A second assumption is more subtle and insidious. The GDP includes only the part of the economy that is transacted through money. (The conventional economic mind can grasp only that which has a price.) This leaves out entirely the vital economic functions of households, communities, and the natural habitat. So the more these fall apart, and monetized products and services take their places, the better the experts say the economy is doing.

Child care takes the place of parents. McDonald’s displaces the kitchen table. Air purifying devices take the place of the natural purifying functions of trees. More money changes hands, so the economists cheer–even though the economy Americans actually experience is going to hell.

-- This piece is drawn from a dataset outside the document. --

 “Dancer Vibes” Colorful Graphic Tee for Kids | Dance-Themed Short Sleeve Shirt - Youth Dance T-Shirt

This kind of thinking governs the policy establishment in Washington. It is built into the cost-benefit analyses that increasingly determine the fate of proposals of all kinds, (except certain ones that Republicans favor, such as curbs on abortion and the B-2 bomber.) Yet it is a relic of another era, when pedal-to-the-floor production was the overriding national goal. Today the economic problem is much more complex, and it goes much deeper than the two-tier economy and declining wages in the middle. Increasingly, Americans must contend with the new burdens that the economy (not just government) places on people in the name of economic growth.

The nation desperately needs new ways to measure economic progress, ones that reflect the actual experience of Americans rather than the brain-dead assumptions of conventional economics. It needs to distinguish costs from benefits, progress from regress; and it must start to value the functions of households, communities, and the natural habitat that are inherently beyond price. America has to gauge the actual impact of the economy on human well-being, instead of just the amount of stuff produced and consumed.

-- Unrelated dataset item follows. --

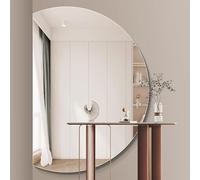 Dijateman Specchio da Bagno Illuminato a LED, Specchio da Trucco a Semicerchio con Taglio Sinistro/destro, 3 Colori Dimmerabile, con Interruttore Tattile(Right,110 * 70cm)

Such measures would be a truth serum to the economic debate. No longer could Bob Dole blast gangsta rap one day and call for increased GDP the next, when sales of gangsta rap are part of the GDP.

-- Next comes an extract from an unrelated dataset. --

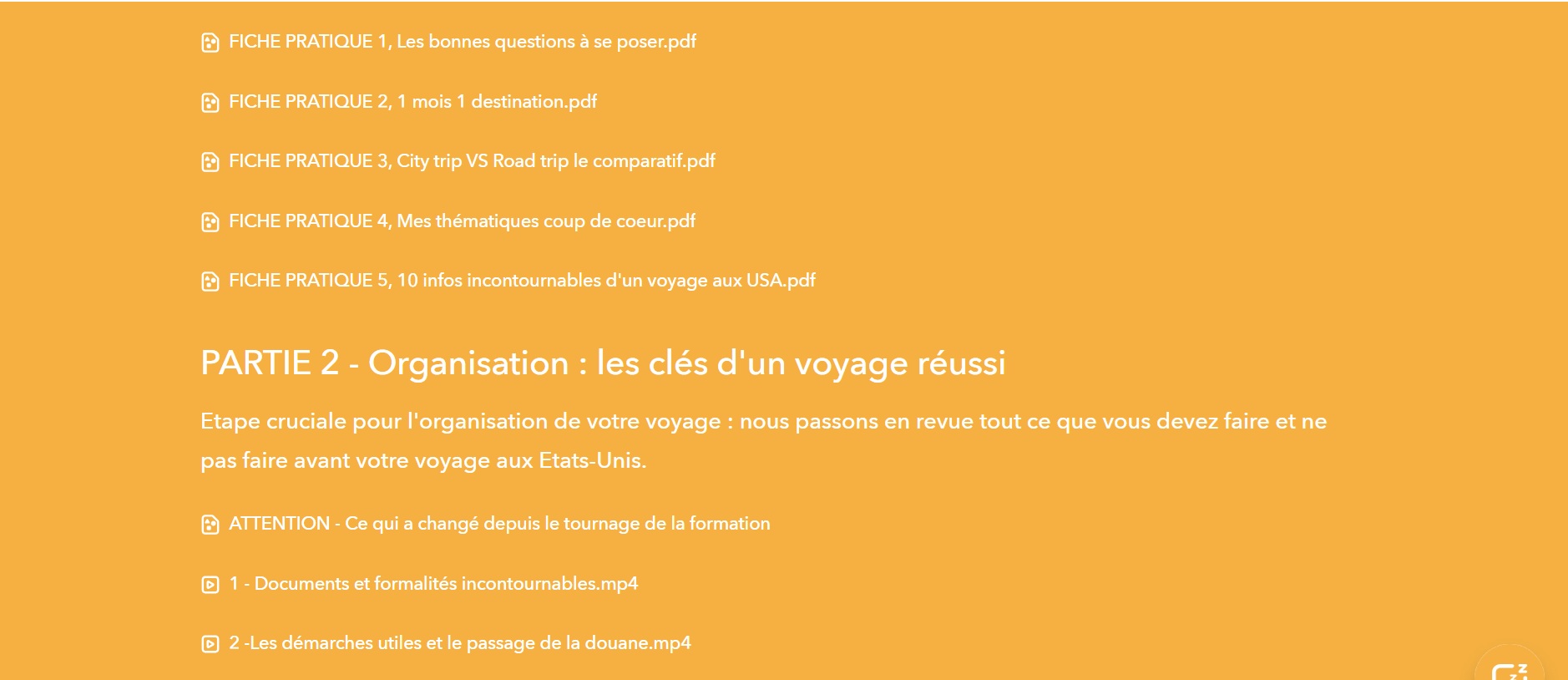 FORMATION VOYAGE USA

Put another way, politicians and pundits would have to stop hiding behind abstractions like “investment” and “growth.” They would have to name what they are actually talking about. Investment in what? Growth of what? Casinos or apple orchards? This in turn would diminish the role of the purveyors of these abstractions–namely, economists–in the national debate. To ask questions of quality instead of just quantity, values instead of just price, would open the door to a much larger range of disciplines and concerns.

One particular issue that would change radically is work. Work occupies an exceedingly odd place in the nation’s policy debates. Politicians extol it continually. Yet they listen to an economic establishment which regards work as a “disutility,” a loathsome thing which people do only to gain the wherewithal to consume. They view the destruction of work–called “productivity”–as an unquestionable good. They rig the tax system to reward “investment,” which can eliminate work, instead of rewarding work itself and the creation of it. (Today the Republicans want to shift the entire tax burden onto work, through a misnamed “flat tax” that includes a gaping exemption for unearned income.

This view is obsolete. Work is much more than just a way to acquire money for consumption. It has value in itself. It provides a daily setting for social interaction, a sense of competence and achievement, and the opportunity to feel useful and needed. Some 70 percent of big lottery winners choose to keep working, as do most executives long after they have made enough to retire comfortably.

In other words, work today is more a good than many of the things economists call “goods.” Increasingly, people need it more than they need the stuff that work enables them to buy. Yet the policy establishment continues to applaud its destruction (in the name of efficiency); and the GDP counts the production of stuff rather than the production of work, which people need more. A new measure of progress would include work as a good and its destruction as a bad. This would alter the nation’s policy debate, from taxes on down, in a radical and healthful way.

Jonathan Rowe is policy director of Redefining Progress, an organization based in San Francisco.